The comments made by Congressman Todd Akin which suggested that rape victims have an instinctive ability to prevent their own pregnancies, have made international headlines, reinvigorating Democratic charges of a Republican war on women's rights and leading the Missouri politician to insist he 'misspoke.'

First and fastest to dissociate themselves from Akin's comments at the weekend were presidential hopeful Mitt Romney and his running mate Paul Ryan, who insisted they did not share Akin’s theories on 'legitimate rape.'

Speaking to the press on Sunday, Akin said he opposed allowing rape victims to have abortions because, he claimed, pregnancy through rape is 'really rare.'

'If it’s a legitimate rape, the female body has ways to try to shut that whole thing down,' he explained, citing unnamed doctors who he alleged supported his theory.

A firestorm of criticism and open mockery followed, until Akin felt pressured to release a statement saying: 'It's clear that I misspoke in this interview and it does not reflect the deep empathy I hold for the thousands of women who are raped and abused every year.'

According to the New York Daily News, on Sunday the Romney campaign released a statement through spokeswoman Amanda Henneberg saying: 'Governor Romney and Congressman Ryan disagree with Mr.
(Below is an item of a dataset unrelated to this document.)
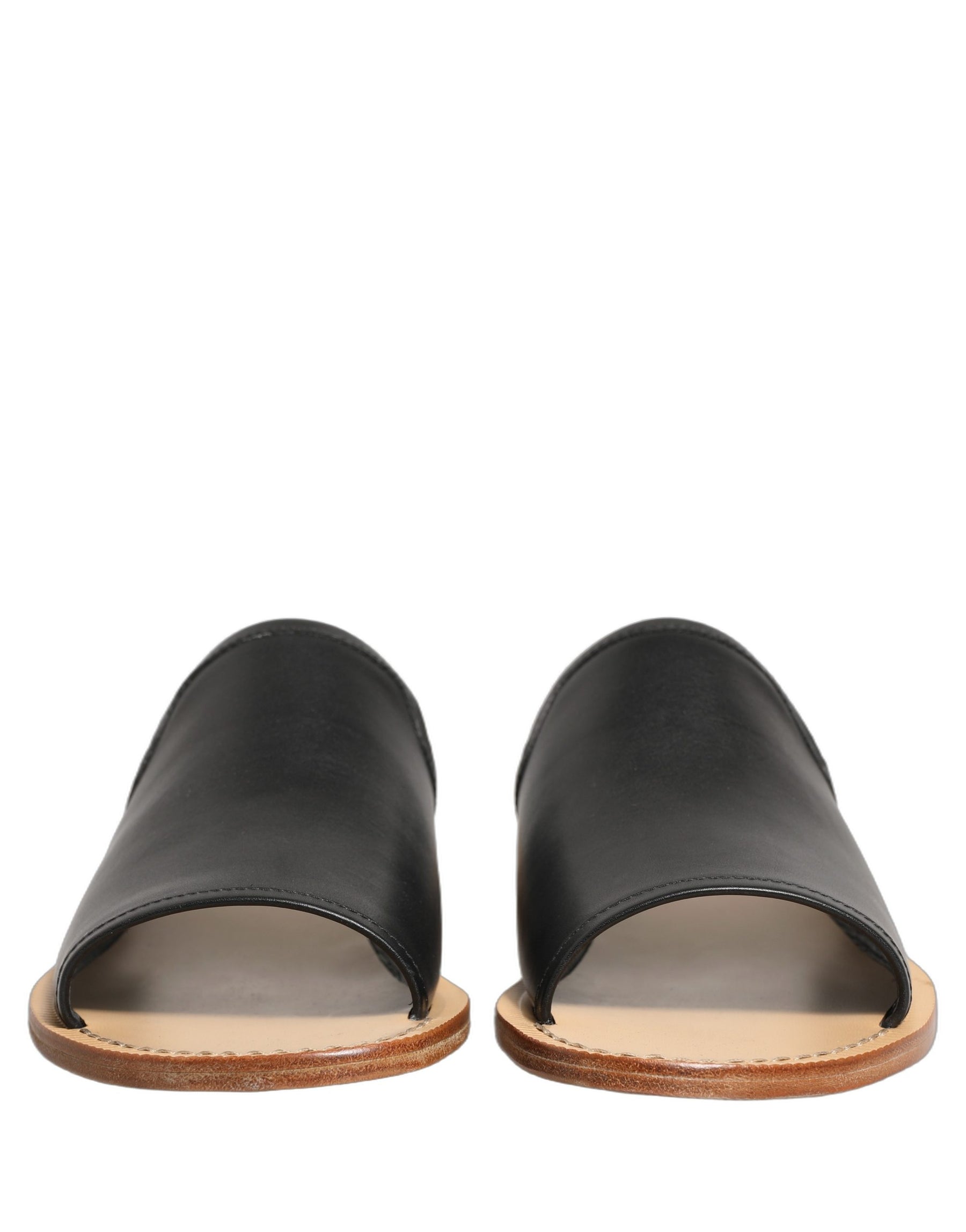 Dolce & Gabbana Brown Leather Slides Sandals Flats Men Shoes | Regal Royce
Akin's statement, and a Romney-Ryan administration would not oppose abortion in instances of rape.'

Critics immediately recalled that as a congressional candidate in 1998, Paul Ryan said he opposed all forms of abortion, including in cases where a woman had been raped. Ryan's only exception was in cases where the mother’s life was in danger.
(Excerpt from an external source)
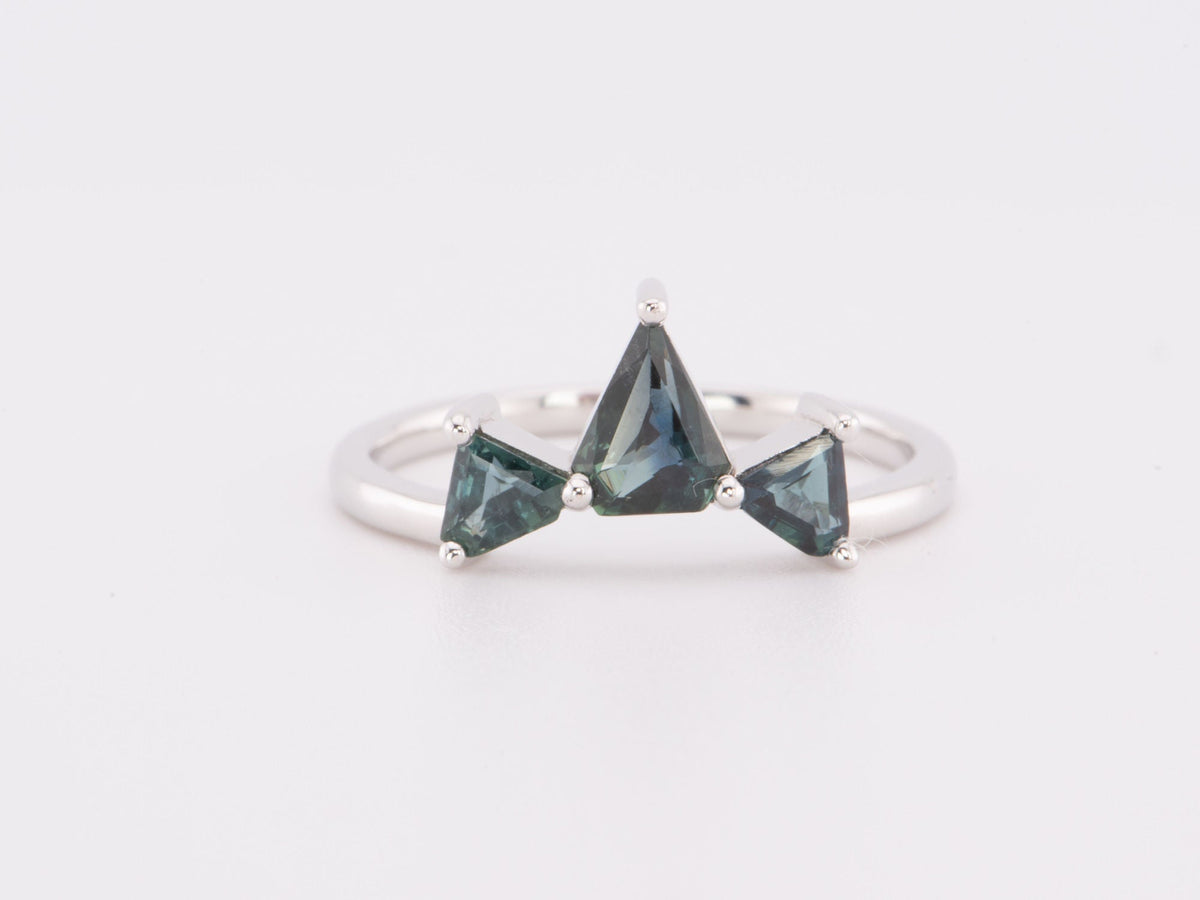 1.08ct Teal Blue Natural Nigerian Sapphire Crown Ring 14K White Gold R6648 Aurora Designer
Last year, Ryan co-sponsored federal legislation called the 'Sanctity of Human Life Act' meant to 'provide that human life shall be deemed to begin with fertilization' which if enacted would essentially outlaw abortion and even some forms of birth control.

Akin, a six-term congressman, hopes to unseat incumbent Democratic Senator Claire McCaskill in November and has refused to bow to pressure to withdraw from the race. He has said that he can not understand why he should step down for holding views that his fellow party members actually share.

Meanwhile, McCaskill told MSNBC’s Morning Joe program that the 'legitimate rape' interview offered 'a window into Todd Akin's mind.'

'For most Missourans, I hope this is a gut-check moment when they realize this is not somebody we want speaking for us on the floor of the United States Senate,' she said.